As one of my favorite varietals, I’ll talk a bit about Pinot Noir. Almost every cool-climate grape growing region in the world has at least experimented with Pinot because Pinot clones are able to ripen and thrive in these climates – producing medium-alcohol, low-tannin fruity and approachable wines. However, depending on the specific Pinot clone and the terroir of the vineyard, there are great variations in style, taste, acidity and mouthfeel. Here’s what I found:
- Burgundy is of course the standard for Pinot, and the Cote de Nuits that I tried had the characteristic cherry and berry muted fruit flavors with a touch of spice or tea. The nose was characteristically multilayered and muted. The price was characteristically high.

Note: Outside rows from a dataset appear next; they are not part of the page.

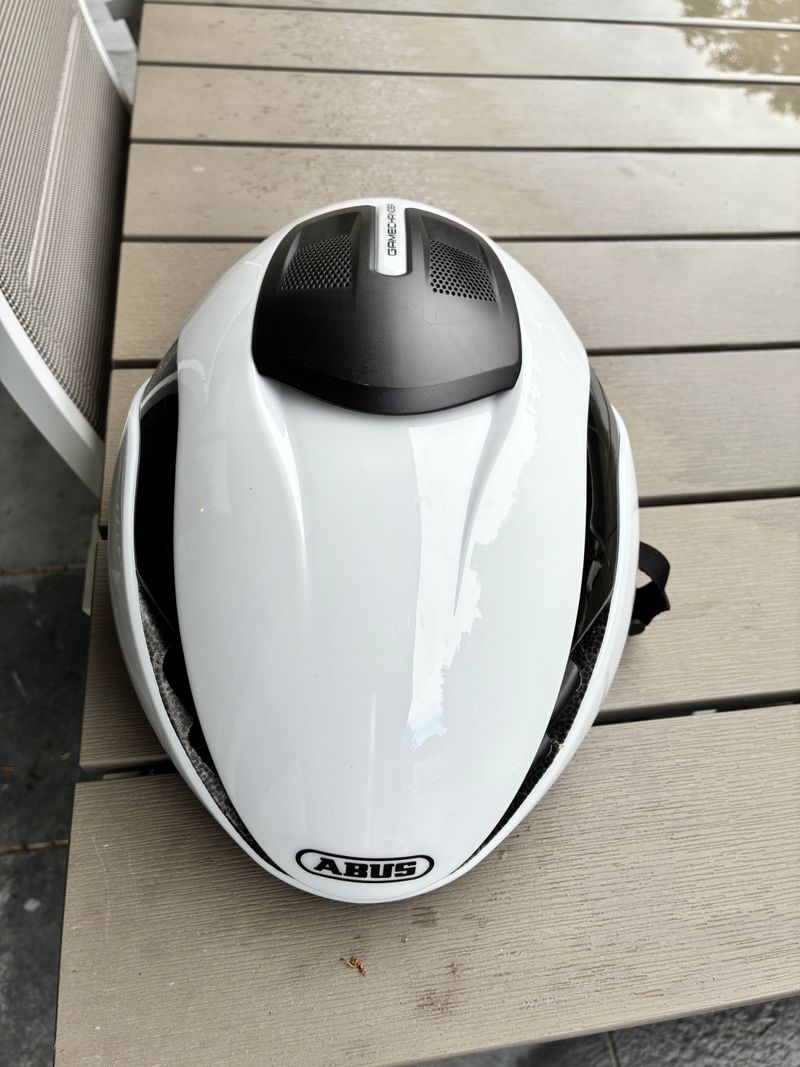 Used ABUS GameChanger 2.0 MIPS Helmet 2026 bike — image 2 of 5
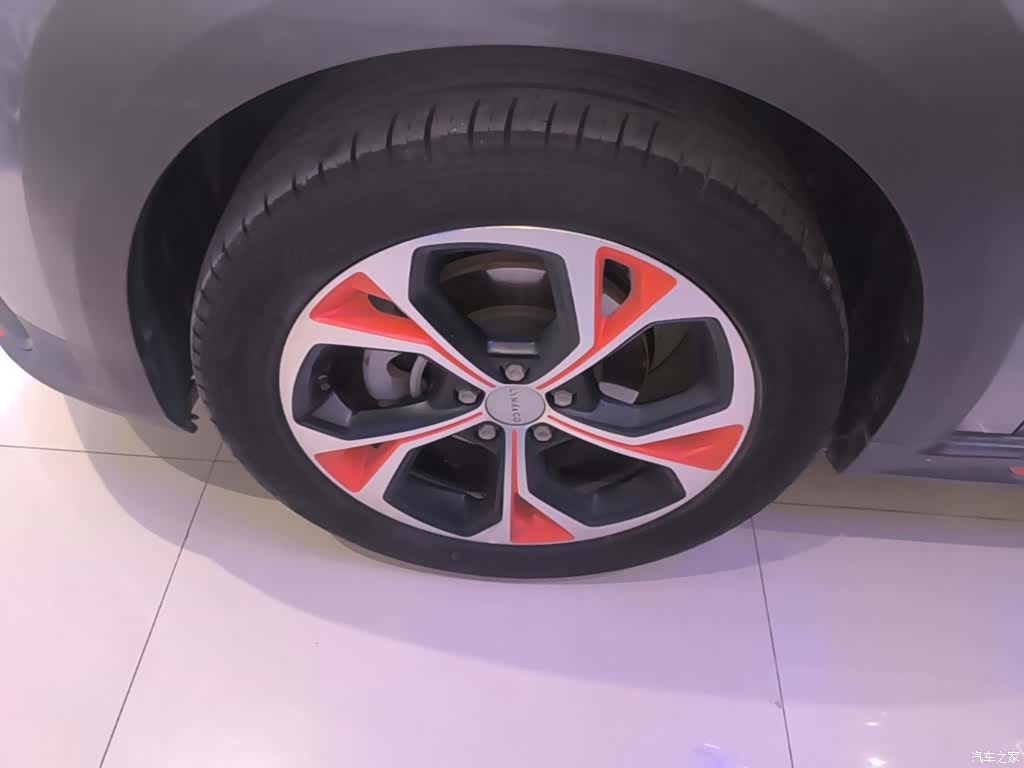 Lynk & Co 01, 2020 23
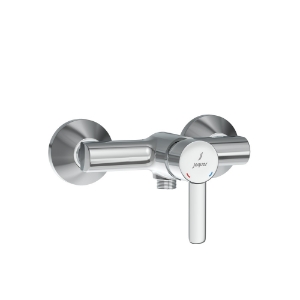 الصورة: Single Lever  Shower Mixer - Chrome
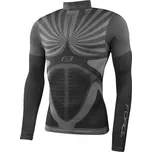 Force Snowstorm dlouhý rukáv černé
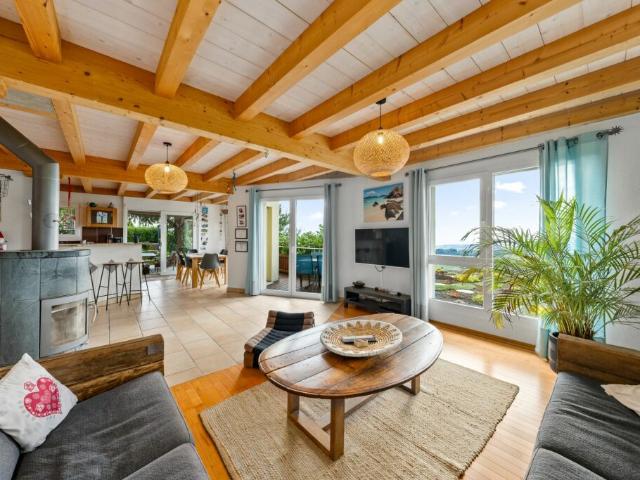 Einfamilienhaus kaufen in Tévenon, Waadt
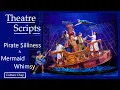 How Peter the Starcatcher is a guaranteed hit - a clever funny enchanting tale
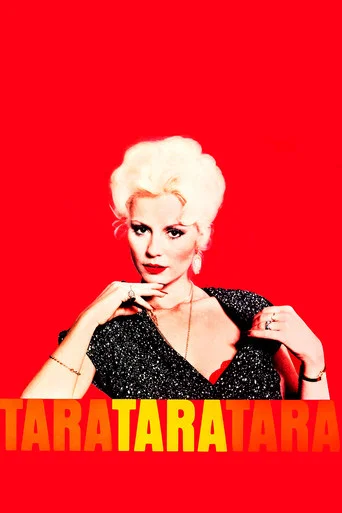 Movie poster for Tara Tara Tara Tara (1981)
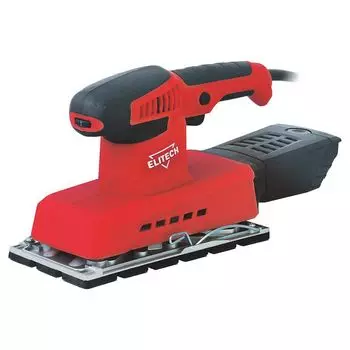 Шлифовальная машина Elitech МШВ 0423Э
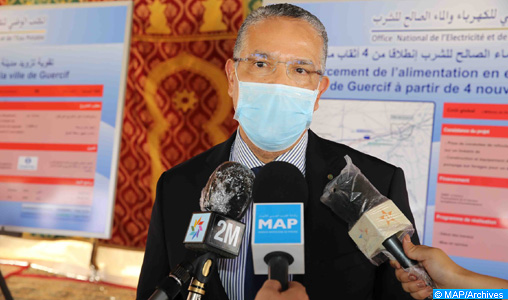 Union arabe de l'électricité : Le Maroc préside la 53ème réunion du Conseil d'administration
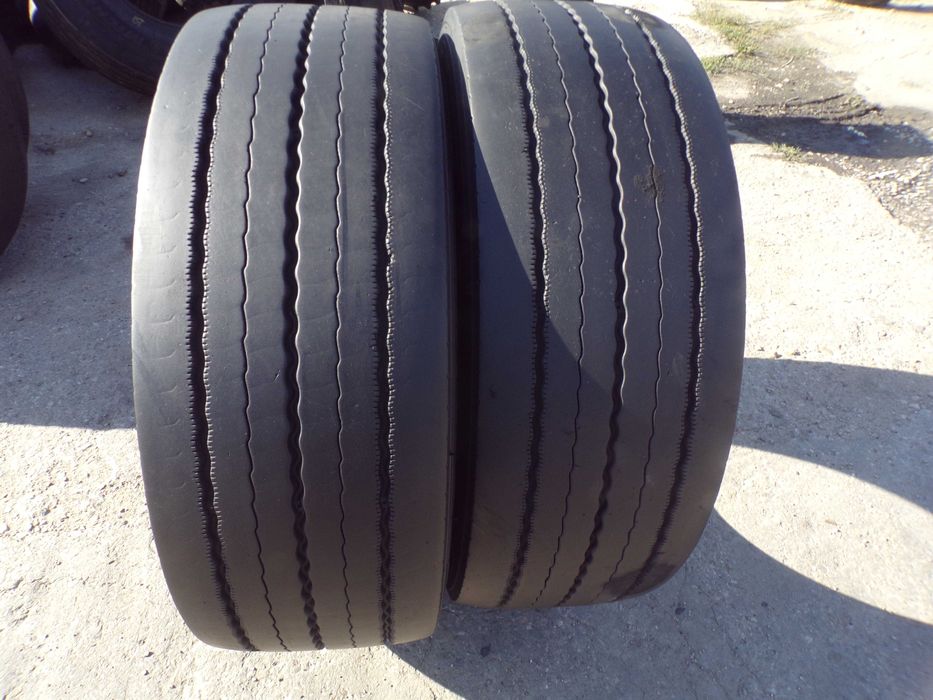 Linne Opona 315/60R22.5 MICHELIN Z X Line Energy (750 netto/szt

- Northern Italy produces flavors and body similar to Burgundy, but more aromatic and with perhaps brighter fruit.
- Willamette Valley has a fuller body than the above, with similar “forest floor” aroma notes and ripe strawberry flavors and a nice touch of oak.
- Patagonia Pinot has an unequaled aromatic intensity with soft fresh fruit and a long finish. Supposedly these Argentinian Pinot’s can have a sugar beet flavor note, but I did not get that.
- New Zealand is gaining fame for their sparklers, almost all of which are based at least partially on Pinot Noir, so it was not surprising that the two samples (Wairapa and Martinborough) I tried were pretty good, a bit higher in acid than the other new world Pinots, they were lean yet with a dark rich color attributed to the high UV rays that hit the island.
- Germany, the 3rd highest producer of Pinot (after France and the U.S.), produces lighter, leaner Pinots which have a green wood note and I found to have a bit of cocoa end note.
- Again, my favorite was the Russian River Valley Pinot, with lush, rich dark fruit. Lactic, with velvety tannins and a hint of cigar box spice, it was full bodied and wonderful.
The last interesting fact I’ll mention is the rapid growth to prominence of Chilean and Argentinian wines. Chilean reds, primarily Cab, Merlot and Carménère (the “lost” grape of Bordeaux), are exceptional. Chile is almost 3000 miles long, with the cooling effect of the Pacific Ocean and excellent diurnal variation, resulting in ripe wines with bright acidity and soft lush tannins. Prices are currently rising, and many of the best wines I sampled are in the $80 – $120 range. I mentioned Carménère earlier as one of my favorites, and these have come into prominence relatively recently. For decades, this grape was thought to be a Merlot clone, and was thus harvested with the Merlot clusters (well, they LOOKED ripe!) Actually the Carménère grape requires an additional 3 – 4 weeks to ripen, and now that they are harvested at the correct time, they have the right Brix and the seeds are no longer green. The result is a wine with the structure of a Cabernet and the softness of a Merlot.
For anyone who wants to learn more and enhance their enjoyment of wine, the Society of Wine Educators offers a plethora of fun and interesting educational products. And, as a veteran conference-attendee, I can tell you that their conferences are truly unbeatable!